First, they claimed districts enhance the power of “interest groups”. Second, they argued districts are fragmented and include neighborhoods without perceived commonality, citing examples such as Magnolia and Belltown in District 7 and Mount Baker and Rainier Beach in District 2. And third, they claimed districts result in less diversity in government and are unfair to poor and minority voters. 

In every respect, these claims are unfounded. Districts, along with democracy vouchers, have considerably enhanced our democracy in Seattle by reducing special interest influence, encouraging accountability to community concerns, and increasing diversity of representation.

Districts Diminish Special Interest Influence

Former Boston Mayor Kevin White once famously said “don’t compare me to the almighty, compare me to the alternative.” Missing from the criticism of district elections is any comparison to the old exclusively at-large system. This is probably because on every purported critique of districts, an exclusively at-large system scores far worse.   

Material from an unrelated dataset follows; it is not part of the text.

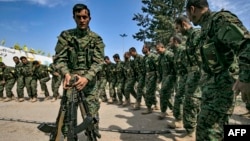 Borci Sirijskih demokratskih snaga (SDF), koje predvode Kurdi a podržava Amerika, u blizini naftnog polja Omar u istočnoj Siriji, igraju nakon proglašenja totalne eliminacije i posljednjeg bastiona Islamske države (IS), 23. marta 2019.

First, a close analysis of interest group influence reveals the old at-large system was far more susceptible. I was struck, while managing Licata’s campaign in 2009, by the incentives the at-large system created for candidates to choose donors over voters. Running citywide requires raising enough resources to buy advertising and build name familiarity in a city of nearly 750,000 people, essentially as big as a congressional district. Under the old system, locking down a few dozen big donors early was essential to be competitive.

The argument that the at-large system leads to a more diverse council ignores the fact that the current council is 5-4 people of color and 6-3 women—far more diverse than the preceding 20 years of councils under the at-large system. It also ignores the fact that at-large representation has historically been used to disempower minority voters.   

Under districts, candidates go door-to-door and talk to voters directly. I personally knocked on more than 8,500 doors last year, and I know most of my colleagues did the same. On hundreds of occasions, voters told me that no candidate for city office had ever knocked on their door. I learned about chronically ignored neighborhood issues that have shaped my priorities in office. Indeed, my successful efforts to save the UpGarden P-Patch started as a doorbell conversation. These interactions cannot happen at scale under an at-large system. The only viable strategy is dialing for dollars—which, in turn, gives more access to big donors, and by extension special interests.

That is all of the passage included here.